Records to process START
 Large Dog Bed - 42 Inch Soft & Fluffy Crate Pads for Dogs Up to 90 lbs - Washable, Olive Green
Records to process END
Records to process START
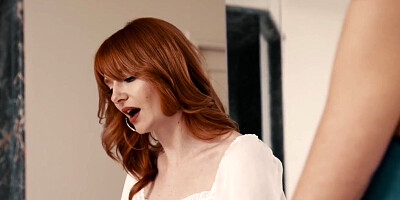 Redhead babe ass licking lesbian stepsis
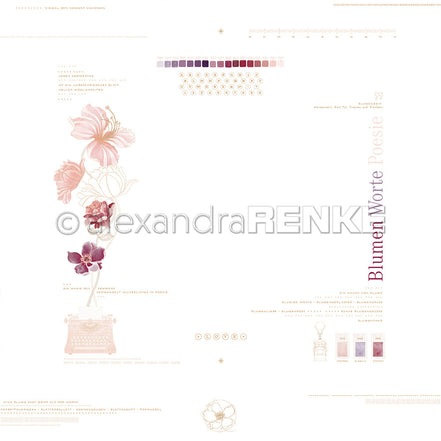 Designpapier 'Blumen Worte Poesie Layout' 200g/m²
Records to process END
Records to process START
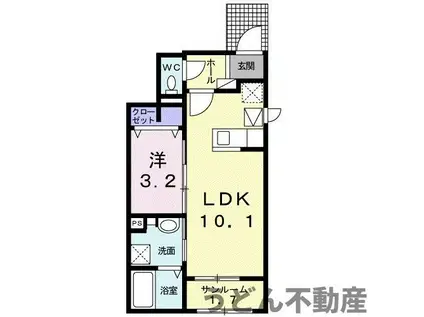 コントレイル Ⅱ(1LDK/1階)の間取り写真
Records to process END
- [Activity]:
Above are the records; please give again, exactly and in full, only the lines that run from the line with "Redhead babe ass licking lesbian stepsis" through the line with "Designpapier 'Blumen Worte", with no pictures.

- [Result for this task]:
 Redhead babe ass licking lesbian stepsis
 Designpapier 'Blumen Worte Poesie Layout' 200g/m²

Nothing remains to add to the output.